Giovanni Bellini through the lens of Struth

I made the discovery of Giovanni Bellini’s famous San Zaccaria Altarpiece (1505) through another artwork – Thomas Struth’s photograph of the altarpiece – San Zaccaria, Venice (1995) – on display at New York’s Metropolitan Museum of Art. It is a sign of the times that Struth’s artistic cross-referencing of Bellini has resulted in a renewed interest in the old master and in photography itself which is now a postmodern art form par excellence, having taken the place of painting.

Struth’s photograph presents a random scene from the Venetian church of San Zaccaria with worshippers sitting in the pews and tourists admiring the church interior. In its centre is Giovanni Bellini’s translucent San Zaccaria Altarpiece, also known as Madonna Enthroned with Child and Saints, which clearly dominates the space.

The work is set in a large niche, depicting a sacra conversazione (holy conversation) within a well established scheme: the Virgin and Child enthroned, a musician angel on a step and four saints placed symmetrically at the sides. They are: St. Peter the Apostle, St. Catherine of Alexandria, St. Lucy and St. Jerome.

With variations in the attendant saints, this is a fairly common genre of Venetian and indeed Italian art of the Quattrocento and the Cinquecento. In this case, the Virgin and Child radiate palpable tranquility way beyond the apse in which they are ensconced.

Bellini’s mastery of perspective and the Venetian technique of colorito, the two-dimensional canvass is transformed into a three-dimensional optical illusion. Struth’s photograph, in turn, amplifies this effect by incorporating into the picture all of the modern-day worshippers and tourists who become part of the same meditative moment.
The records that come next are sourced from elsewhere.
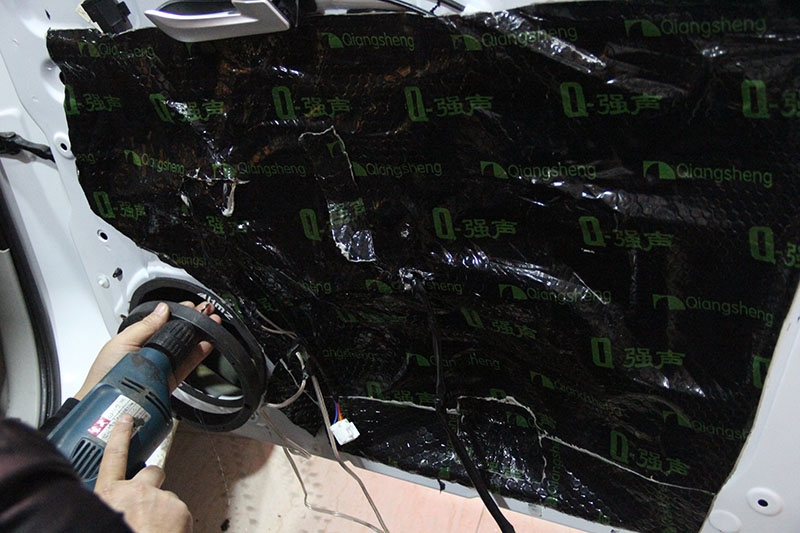 【長沙霓皇汽車音響】帝豪新款前門升級法國勁浪165KR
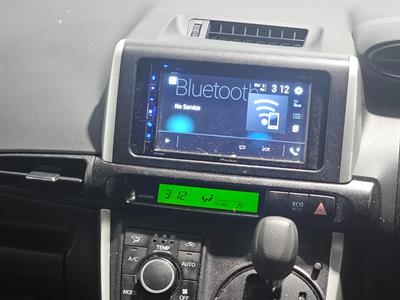 2012 Toyota WISH - Thumbnail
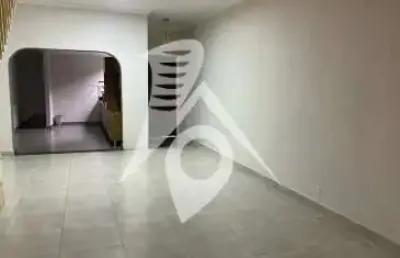 Casa com 3 quartos para alugar na Rua Piraçununga, 1315, Vila Bertioga, São Paulo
The two artworks thus coexist side by side. Whereas Bellini’s perspective is testimony to his genius as a Renaissance painter, Struth’s added perspective is an innate feature of modern photography. The luminous Venetian light is captured by simultaneously by Bellini’s application of colorito and Struth’s supreme photographic skill.
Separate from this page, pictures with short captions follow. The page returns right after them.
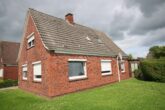 Solides Einfamilienhaus mit Potenzial in Jemgum - Seitenansicht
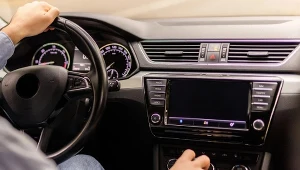 Wystawiają 1305 zł kary jeśli masz auto od co najmniej 5 lat. Ruszyły kontrole
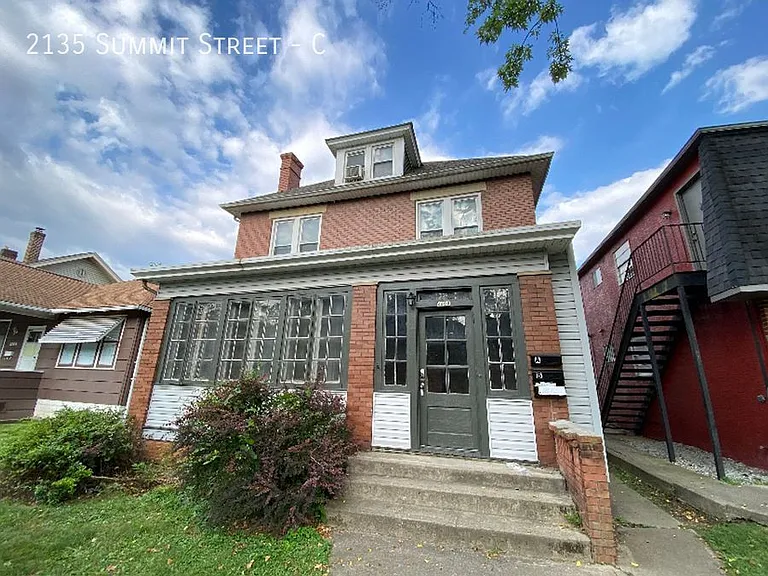 2135 Summit St #C — Photo 1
In the final analysis, Struth’s photographic reference to the great altarpiece underscores Bellini’s timeless relevance: 590 years after its creation, people are still coming to pray beside the altarpiece and admire it and Struth finds this important enough to immortalise the scene in another art form. After all, seeing Bellini’s masterpiece through another artwork for the very first time got me drawn to it – and who knows how many thousands more.